In this paper, we study the BVP

$$ \textstyle\begin{cases} D_{0+}^{\alpha }(\phi _{p}(D_{0+}^{\beta }x(t)))=h(t,x(t)), \quad 0< t< 1, \\ x(0)=0,\qquad x(1)=a D_{0+}^{\gamma }x(\xi ),\qquad D_{0+}^{\beta }x(0)=0, \qquad D_{0+}^{\beta }x(1)=b D_{0+}^{\beta }x(\eta ), \end{cases} $$
(1.4)

where \(h\in C([0,1]\times [0,+\infty ),[0,+\infty ))\), \(D_{0+}^{\alpha }\), \(D_{0+}^{\beta }\), and \(D_{0+}^{\gamma }\) stand for the standard Riemann–Liouville differentiations, \(\phi _{p}(z)=|z|^{p-2}z\), \(p>1\); \(1<\alpha ,\beta \leq 2\), and \(\gamma =\frac{\beta -1}{2}\); \(0<\xi \leq \frac{1}{2}\); \(0<\eta < 1\); \(a, b \in [0,+\infty )\) and \(a\Gamma (\beta )\xi ^{\frac{\beta -1}{2}}<\Gamma (\frac{\beta +1}{2})\); \(b^{p-1}\eta ^{\alpha -1}< 1\). By applying a monotone iterative method, we establish the existence of two positive solutions of (1.4) (see Theorem 3.1) and support the general result by an example (see Sect. 4).
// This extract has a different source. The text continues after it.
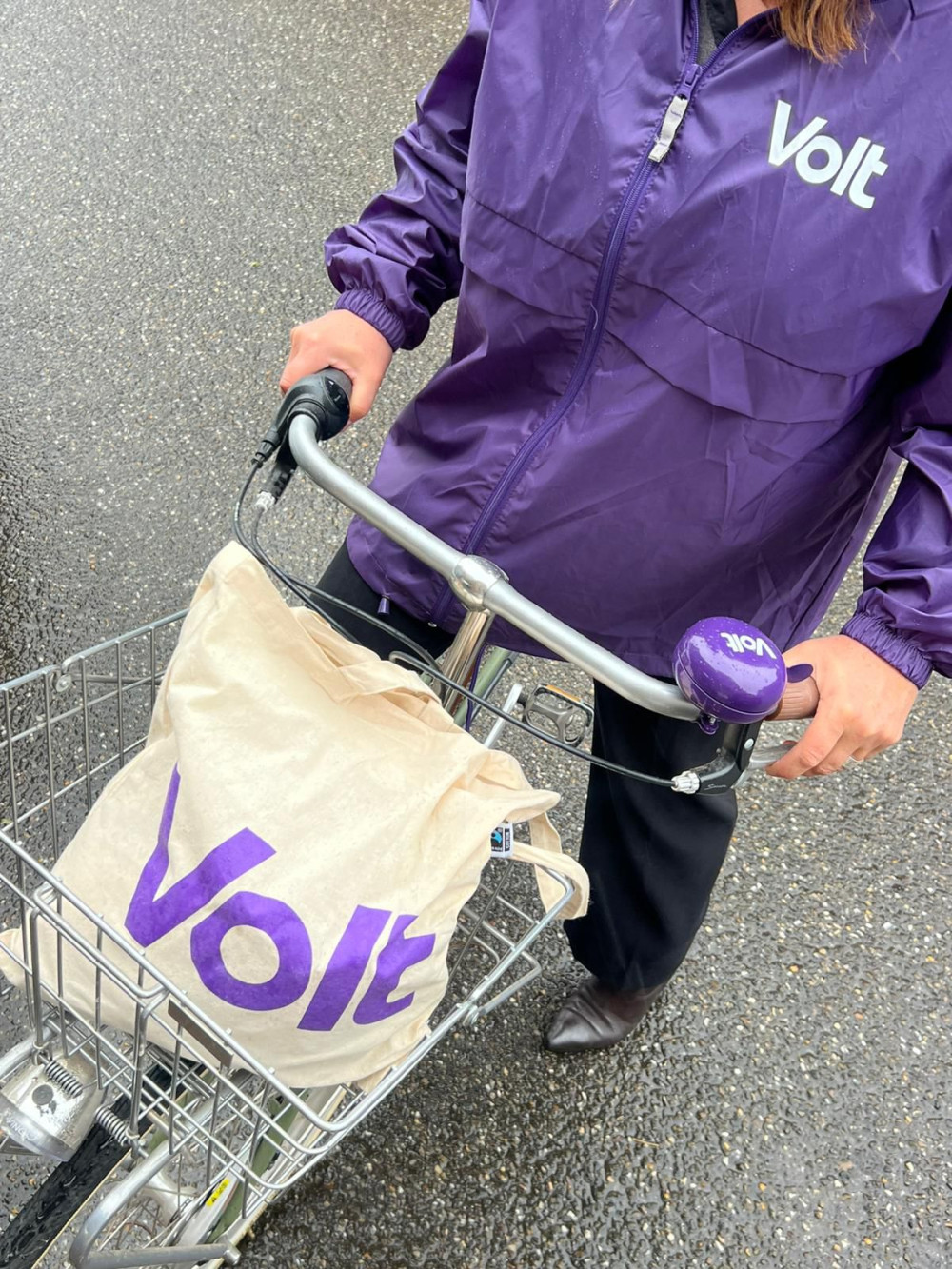 Fiets met Volt tas en fietsbel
Our paper is distinguished from [22, 25, 28] in the following three aspects. Firstly, the boundary condition \(x(1)=a D_{0+}^{\gamma }x(\xi )\) in (1.4) is different from the condition \(x(1)=ax(\xi )\) in (1.1). Next, the condition \(D_{0+}^{\gamma }x(1)=a D_{0+}^{\gamma }x(\xi )\) in (1.3) links the values of derivatives of the same order. At the same time, condition \(x(1)=a D_{0+}^{\gamma }x(\xi )\) in (1.4) links the derivatives of different order (as usual, we regard \(x(1)\) as the derivative of order 0 of x at \(t = 1\)). Finally, in (1.2), the authors imposed the boundary condition \(D_{0+}^{\gamma }x(1)=a x(\xi )\), where \(1+\gamma \leq \beta \), \(\xi \in (0,1)\), and applied the Leggett–Williams fixed-point theorem. This is in a sharp contrast with the boundary condition \(x(1)=a D_{0+}^{\gamma }x(\xi )\), \(\gamma =\frac{\beta -1}{2}\), \(0<\xi \leq \frac{1}{2}\), in (1.4), which allows us to use a monotone iterative method. Summing up: although the methodology that we use rests on the one developed in [28], our setting is different from the ones considered in [22, 25, 28].

2 Preliminaries

In this section, we present some preliminary results including estimates for Green functions and solvability of non-homogeneous fractional p-Laplacian BVPs. These results constitute key ingredients of the proof of our main result (Theorem 3.1). All the function spaces considered below consist of scalar functions. The two lemmas following below are well known.

Lemma 2.1

([29])

\((1)\) If \(F\in L(0,1)\) and \(\mu > \nu >0\), then

$$ D_{0+}^{\nu }I_{0+}^{\mu }F(x)=I_{0+}^{\mu -\nu }F(x), \qquad D_{0+}^{\nu }I_{0+}^{ \nu }F(x)=F(x). $$

\((2)\) If \(\mu , \nu >0\), then

$$ D_{0+}^{\mu }x^{\nu -1}=\frac{\Gamma (\nu )}{\Gamma (\nu -\mu )}x^{ \nu -\mu -1}. $$

Lemma 2.2

([11])

Let \(A_{i}\in R\), \(i=1,2,\ldots ,N\), and \(N=[\alpha ]+1\). Then

$$ I_{0+}^{\alpha }D_{0+}^{\alpha }F(x)=F(x)+A_{1} x^{\alpha -1}+A_{2} x^{ \alpha -2}+\cdots +A_{N} x^{\alpha -N}, $$

where \(\alpha >0\), \(F \in C(0,1)\cap L(0,1)\), \(D_{0+}^{\alpha }F \in C(0,1)\cap L(0,1)\).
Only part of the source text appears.